Yes, the message is simple, a bit too topical, a bit too local for some. As summarized by one character: “Bulgaria is a country of optimists because all the realists and the pesismists have left”. I need to add the film doesn’t take this thesis at face value, and develops the way in which Bulgaria is becoming the epitome of a failed state, where, as another character says “nothing is legal”; everything depends on murky interests, people who complain are punished, the law is not there to defend citizens but to defend the lawmakers.

A good man, a taxi driver, gets trapped in a web of corruption, everything is stacked against him and he is humiliated by a hateful bully of a banker who was supposed to help him get a living. Because he is, after all, a product of his culture, he does a desperate act and shoots the banker. The film’s action takes place during that night, in which he might die after attempting suicide. The protagonists are other taxi drivers in Sofia, some of them knew the man, some are in parallel situations, about to break down and do something as violent.

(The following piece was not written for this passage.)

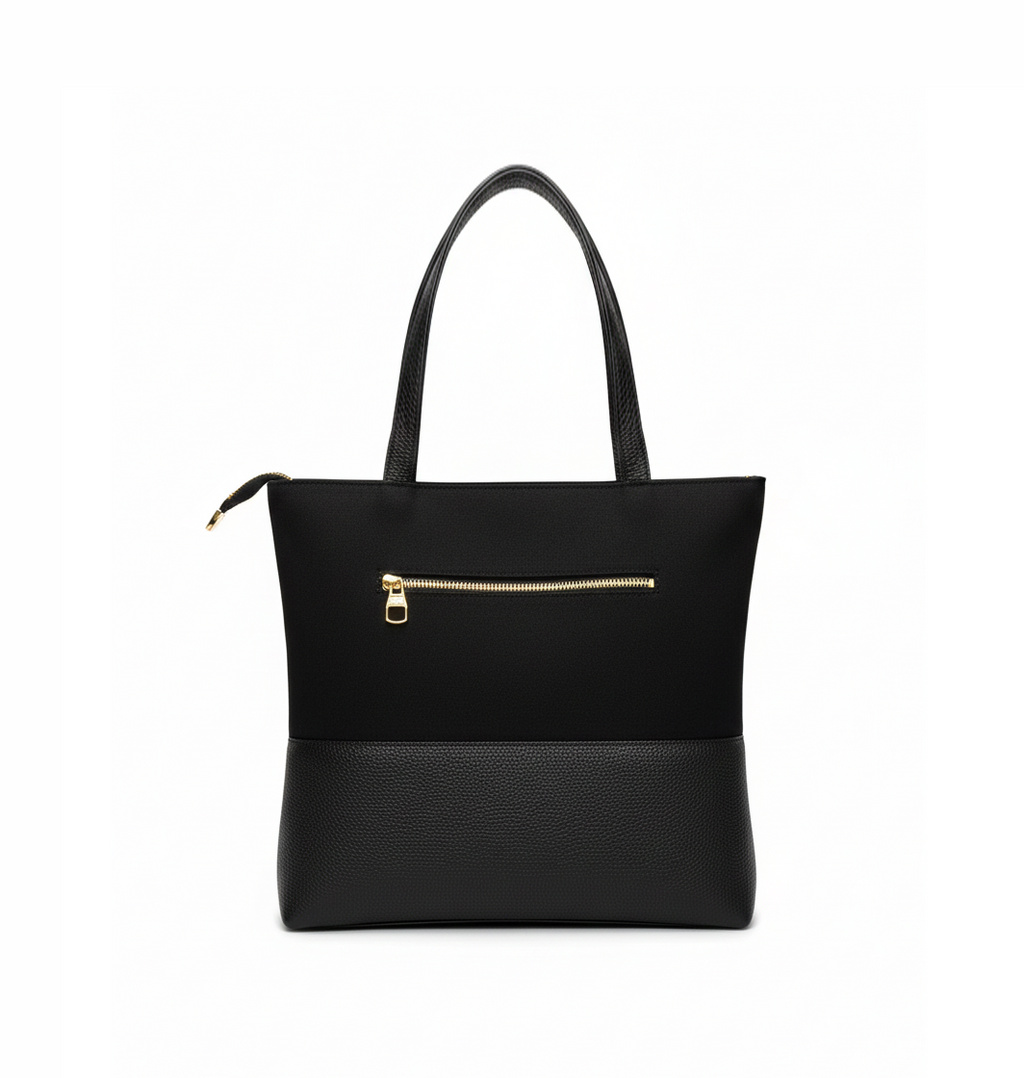 Elegant Two-Tone Black Tote Bag with Gold-Tone Hardware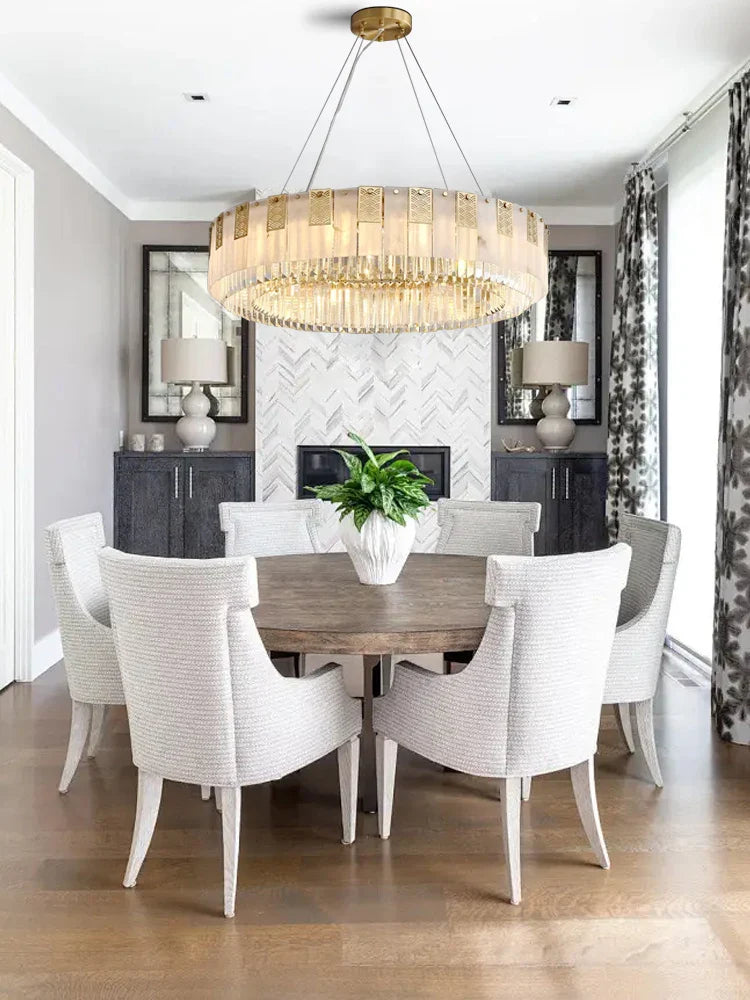 Long Classic Postmodern Marble Crystal Pendant Lights for Dining Room Decoration Suspension Luminaire Bronze Brass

As some kind of inventive version of La ronde, the attention shifts to the different taxis and their costumers. They of course have their radios on, and we hear news bulletins about the murder, but also many callers to other programmes who express their views: some of them are bonkers, some are fascist, some more poised. We get to see the initial event through the eyes of the whole country. And the portrait that emerges is not pretty. The film is shot in a hyper realistic low light, low resolution style, with very long takes, uninterrupted and relentless, with specific attention to the antomy of the city with its casinos, brothels, hotels, dirt, and desperate, suicidal characters.

And of course it’s not just about Bulgaria. The film’s dialogues are so illuminating, so well written, so specific, that they keep on echoing our own experiences elsewhere. In that sense, Komandarev’s Bulgaria can be a warning to us all, who can see the slippery slope into chaos much closer to home.

And masterpieces or not, this is also something film can do: put the mirror in front of us.